Dalla periferica via Emily Balch, alla centrale piazza Santa Chiara, passando per la marittima - e collinare allo stesso tempo - via Monte Ercta, è difficile trovare un quartiere che non abbia uno spazio sfregiato dalle cataste di immondizia

PALERMO. Centonove. Non c'è nessuna laurea da festeggiare. Il dato, aggiornato ancora verso l'alto, è riferito alle discariche abusive censite dall'Amia. Angoli di città spesso nascosti, ma non per chi abbandona illecitamente rifiuti. Dalla periferica via Emily Balch, alla centrale piazza Santa Chiara, passando per la marittima - e collinare allo stesso tempo - via Monte Ercta, è difficile trovare un quartiere che non abbia uno spazio sfregiato dalle cataste di immondizia.

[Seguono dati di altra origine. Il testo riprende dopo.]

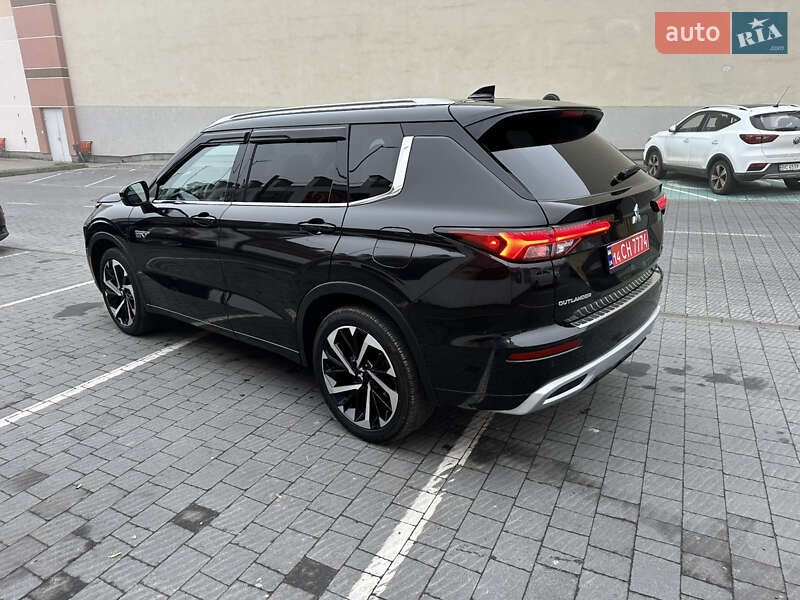 Внедорожник / Кроссовер Mitsubishi Outlander 2024 в Львове фото 37 Внедорожник / Кроссовер Mitsubishi Outlander 2024 в Львове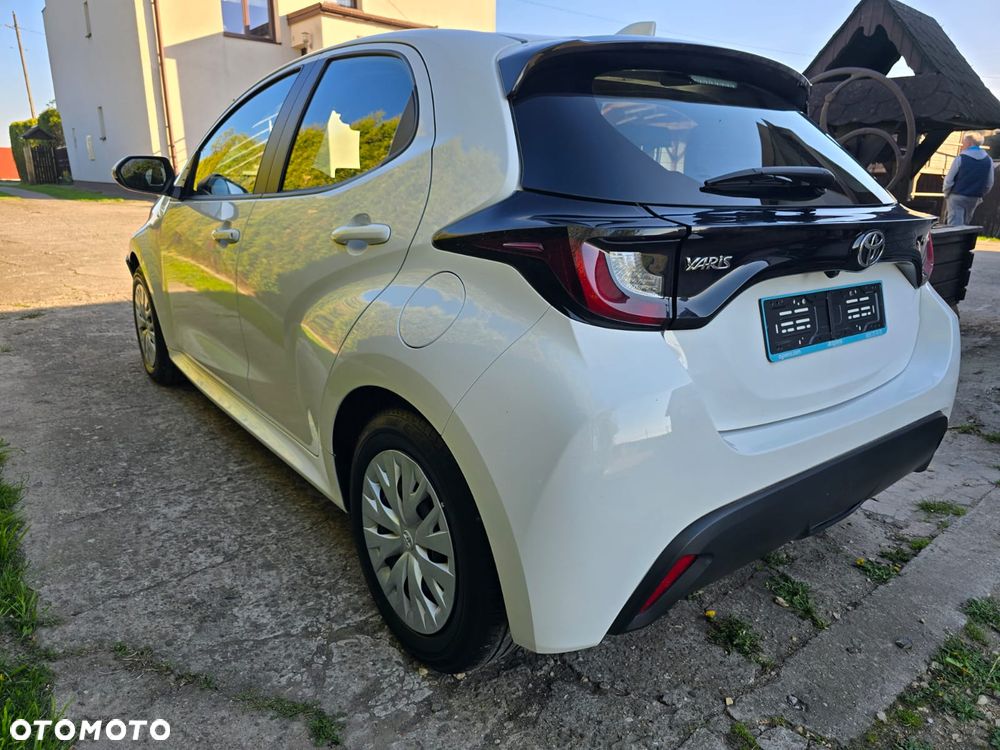 Toyota Yaris Hybrid 1.5 Selection Style - 6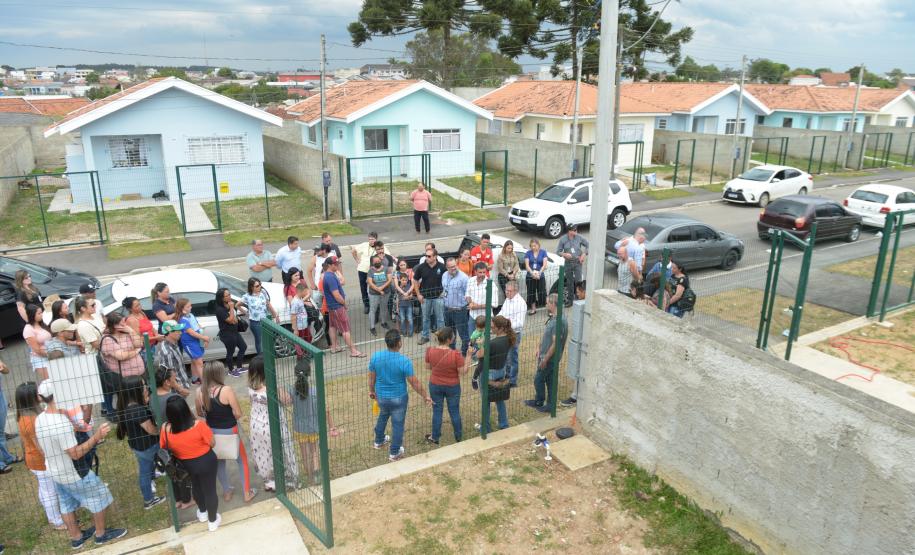 Trinta e seis famílias de Piraquara recebem chaves da casa própria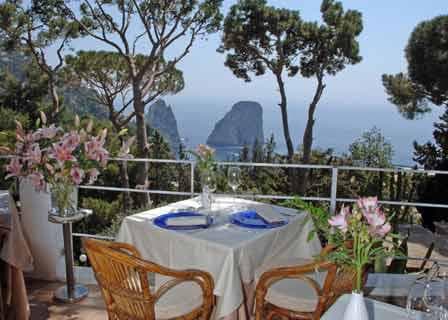 Relaxed Capri Weekend: Beaches, Boats & Bliss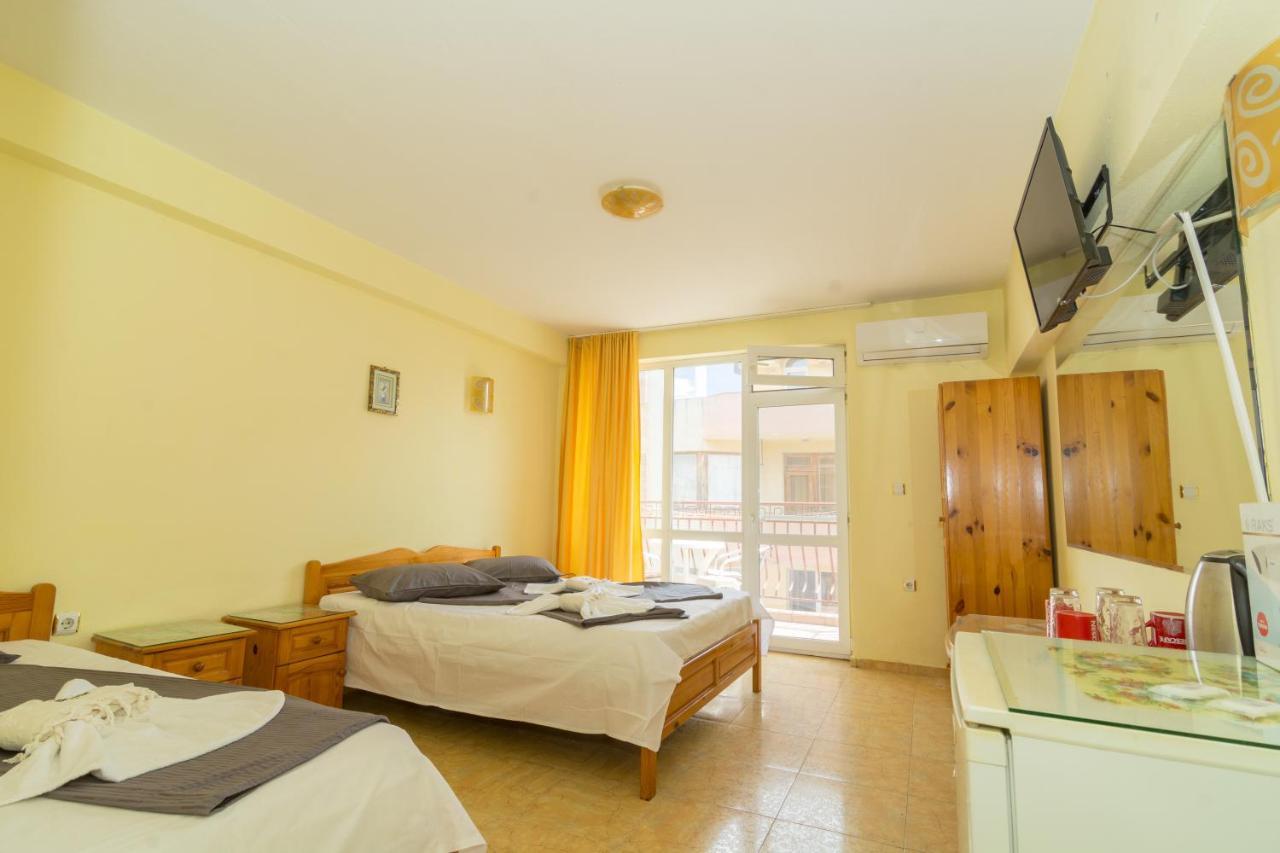 Fener Guest House Pomorie Exteriör bild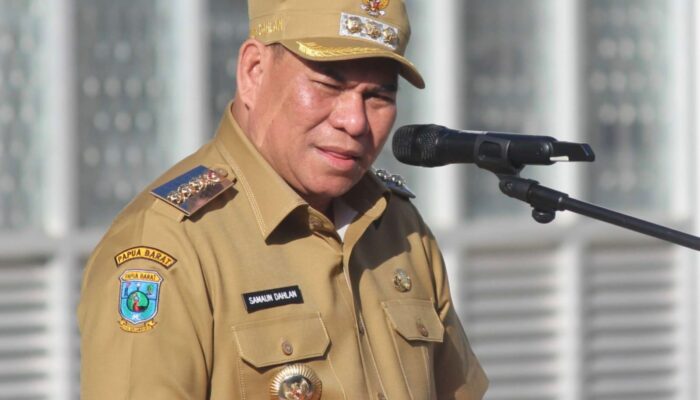 Bupati Samaun Dahlan Tegaskan, 500 Tenaga Honorer Fakfak Diangkat Tanpa Tes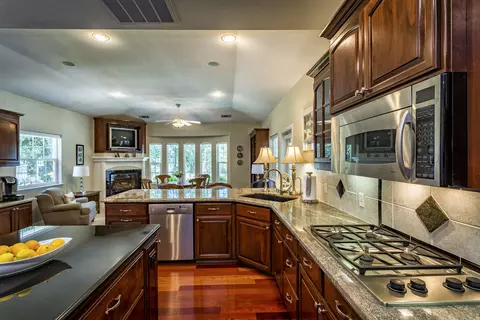 13360 Tierra Heights Rd, Redding, CA 96003 photo 103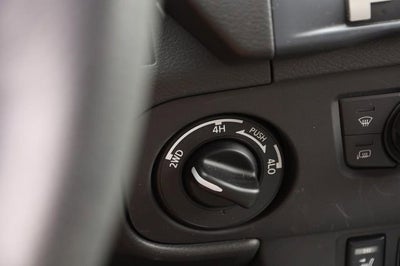 2025 Nissan Frontier SL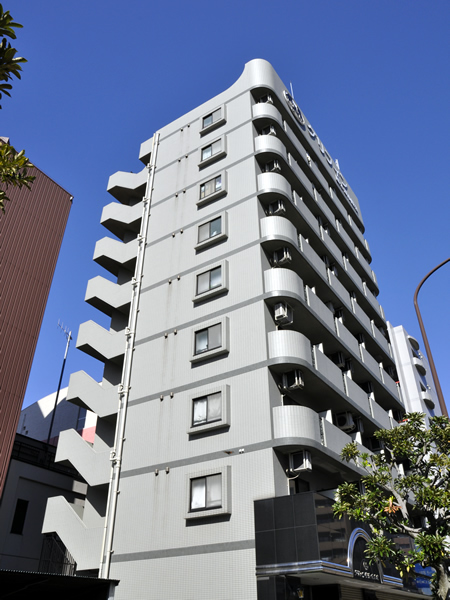 グリフィン横浜東白楽2番館の外観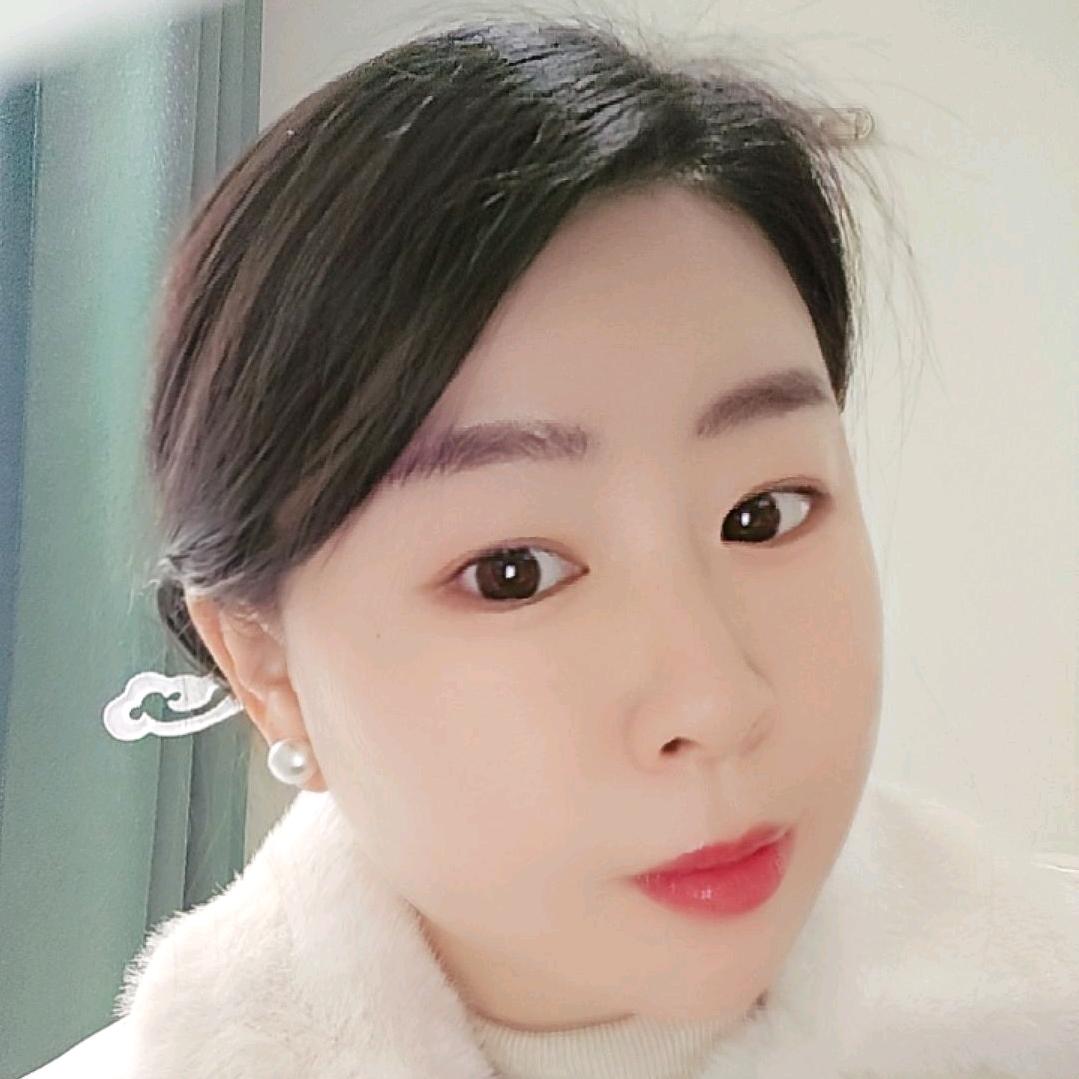 梅子(色彩一秀女裝)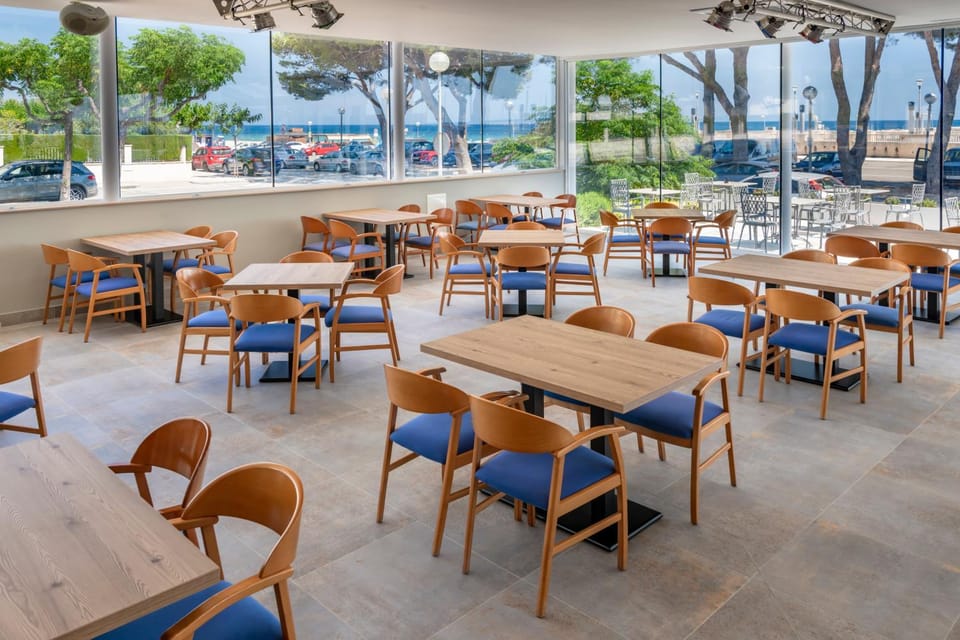 Lounge or bar
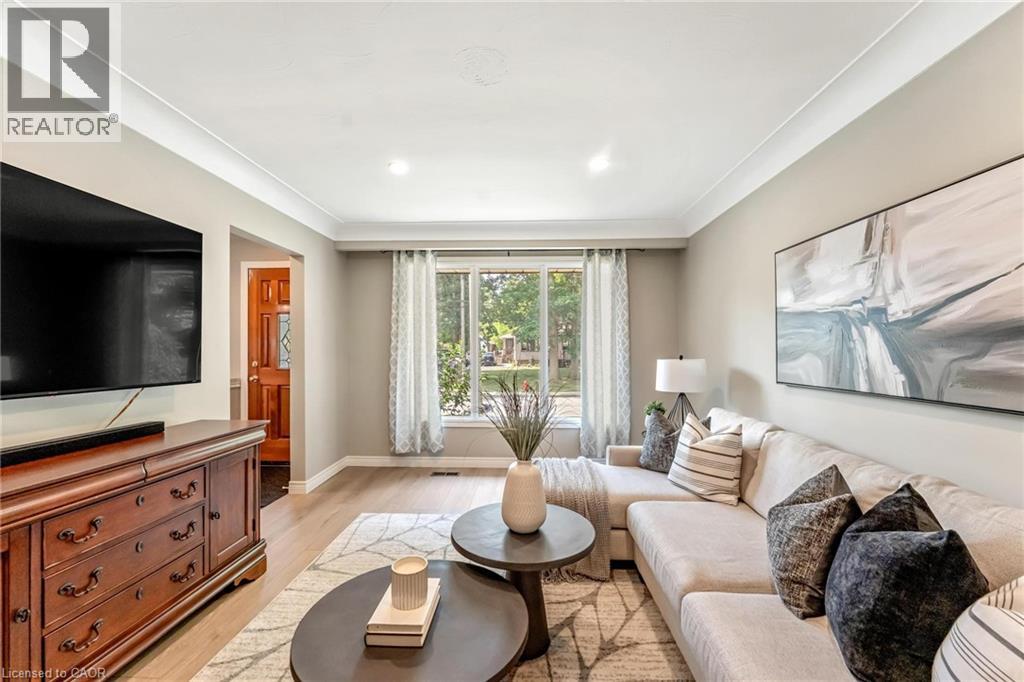 323 Hixon Road, Hamilton, Ontario  L8K 2C8 - Photo 3 - 40813871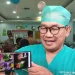 Direktur RSSA Malang, dr Bachtiar Budianto menunjukkan proses penutupan atau penjahitan kulit pasca operasi pemisahan bayi kembar siam.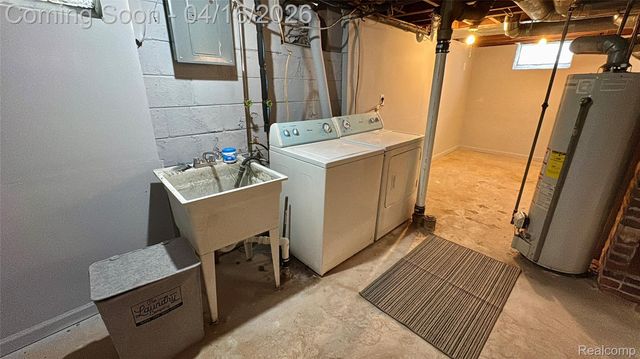 1073 Colonial Drive, Inkster, MI 48141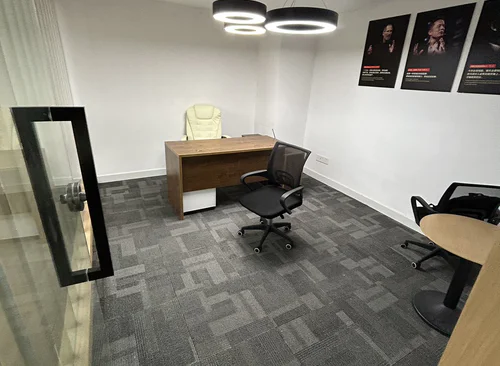 151m²
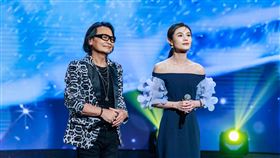沈文程、朱海君合唱。(圖／中視提供)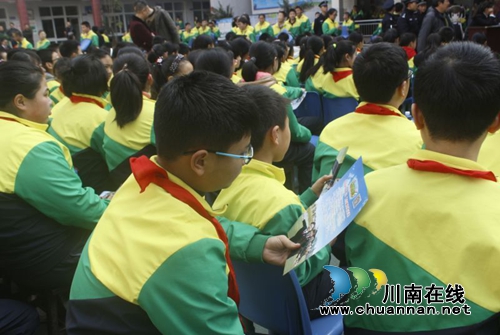 泸州中学生“披袍断案” 模拟法庭掀校园学法热(图13) 泸州中学生“披袍断案” 模拟法庭掀校园学法热(图13)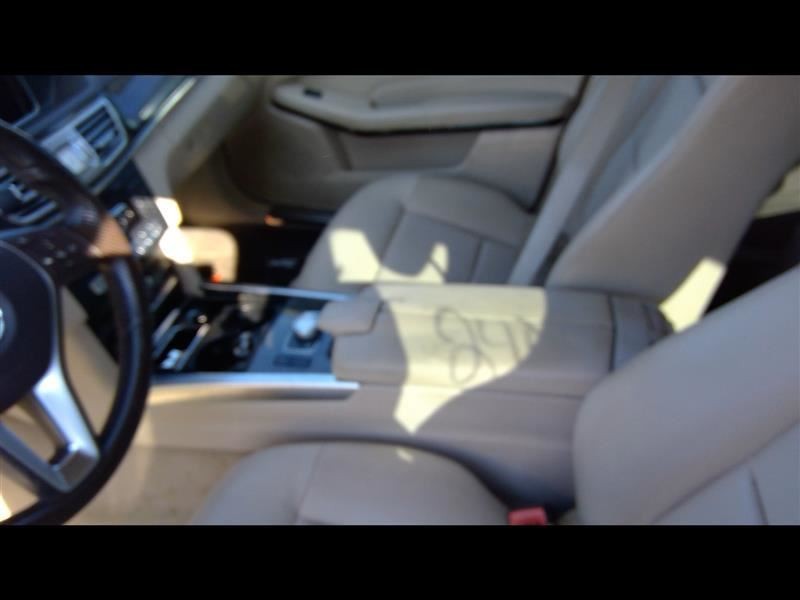 E350 2015 High Mounted Stop Light 1083364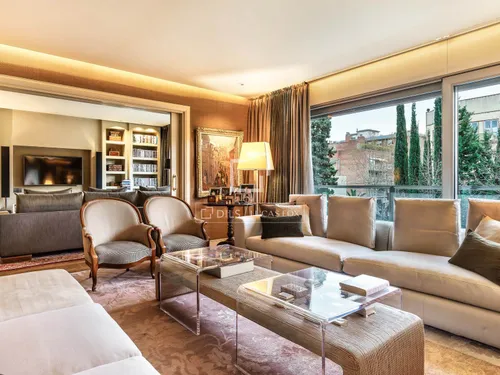 5 Bedrooms Apartment in Doctor Roux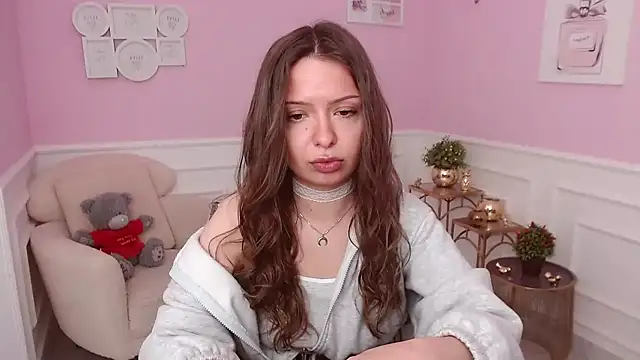 Snapshot of LucySkilar chatting on 04/14/26, 04:18 LucySkilar online show from 04/14/26, 04:18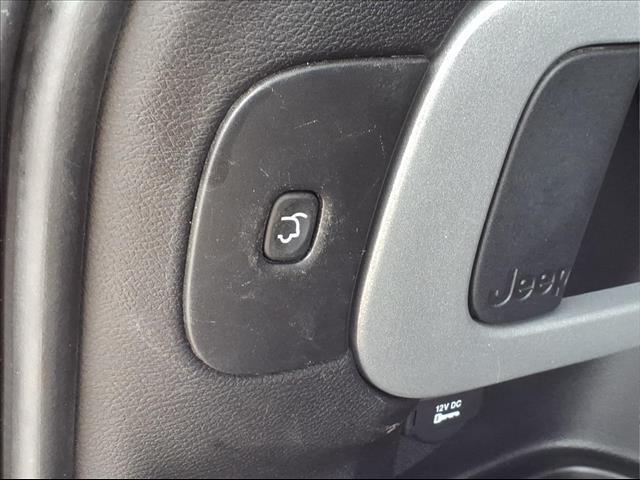 used 2016 Jeep Cherokee car, priced at $11,999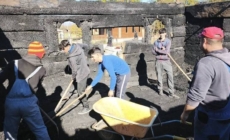 Sătenii din Posta s-au adunat în clacă pentru a salva ce a mai rămas din biserica mistuită de flăcări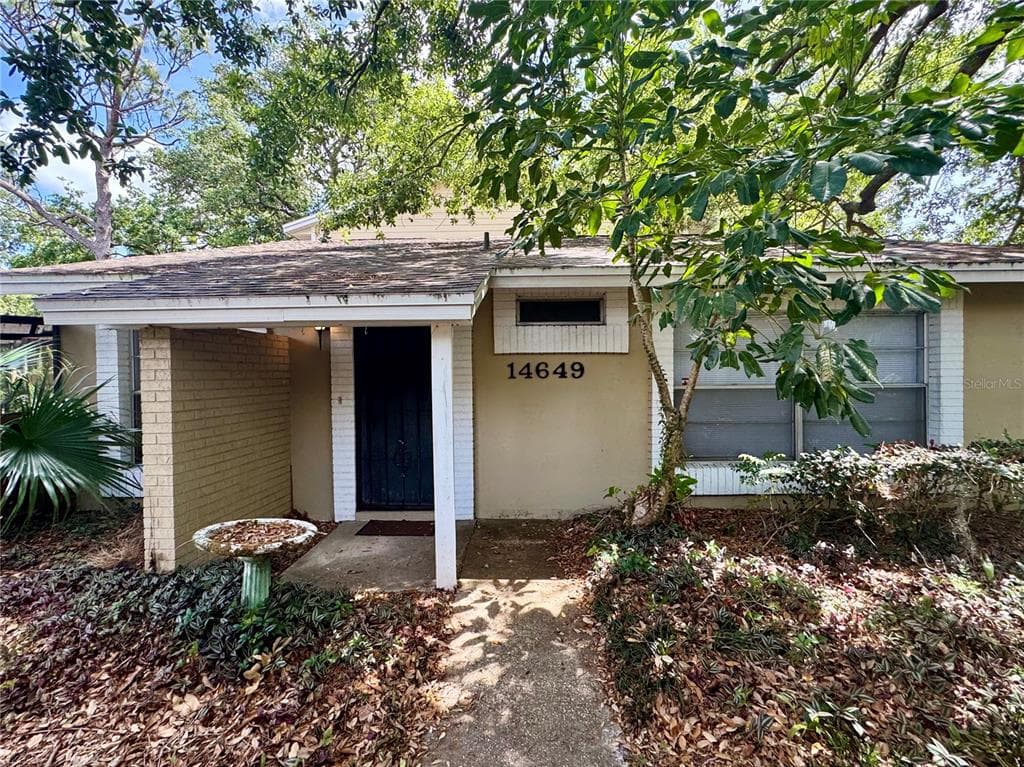 14649 PINE GLEN CIRCLE LUTZ, FL 33559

Il nuovo record al contrario preoccupa ulteriormente il vicesindaco e assessore all'Ambiente, Marianna Caronia: «Un fenomeno - commenta a Ditelo a Rgs - che cresce in modo esponenziale. Quando ho preso la delega all'Ambiente (20 ottobre 2010, ndr) le discariche erano 36, nell'arco di poco tempo sono diventate circa 50, all'inizio dell'anno è stata superata quota cento». I cumuli di spazzatura si moltiplicano a ritmo incessante, ma è ancora bloccato il bando per le telecamere, almeno tredici, che dovrebbero sorvegliare una quarantina di siti per novanta giorni. La gara doveva essere aggiudicata il 22
febbraio scorso, poi una modifica sollecitata dal consiglio comunale che aveva addirittura chiesto la revoca dell'appalto, ha fatto slittare l'espletamento. «Aspettiamo - ribadisce l'assessore Caronia - che la Gazzetta ufficiale della Regione pubblichi l'integrazione del bando per poter riavviare l'iter». Anche se Vincenzo Tanania, consigliere comunale del Pd è convinto che «più della videosorveglianza serve un'azione sinergica tra amministrazione e forze dell'ordine per contrastare quello che è un fenomeno legato alla criminalità
organizzata». Per il futuro, inoltre, il vicesindaco ha già una strategia in mente: «Dopo l'esperimento dei tre mesi, riproporrò l'utilizzo di due milioni di euro per estendere i controlli con le telecamere a tutta la città».


Nel presente, invece, ci sono le bonifiche effettuate dall'Amia. Gli operatori ecologici sono stati chiamati in causa ben 116 volte dall'inizio di quest'anno, 26 a gennaio, 80 a febbraio e 10 a marzo. Rimossi 788 pezzi ingombranti e 742 tonnellate di rifiuti. Sono state ripulite le aree già censite nelle vie Imera, Ruffo di Calabria, Siccheria Quattro Camere, Paternò, Balch e nuovi insediamenti di pattume come quelli di via Brunelleschi e di via Mondello. Da segnalare i passaggi dei netturbini allo Zen e nella zona industriale di Brancaccio. Dopo aver lucidato, a fine febbraio, le strade di Bonagia, Falsomiele, Santa Maria di Gesù e Villagrazia, all'inizio di questa settimana l’ Amia ha portato via le cataste all'Arenella e a Vergine Maria.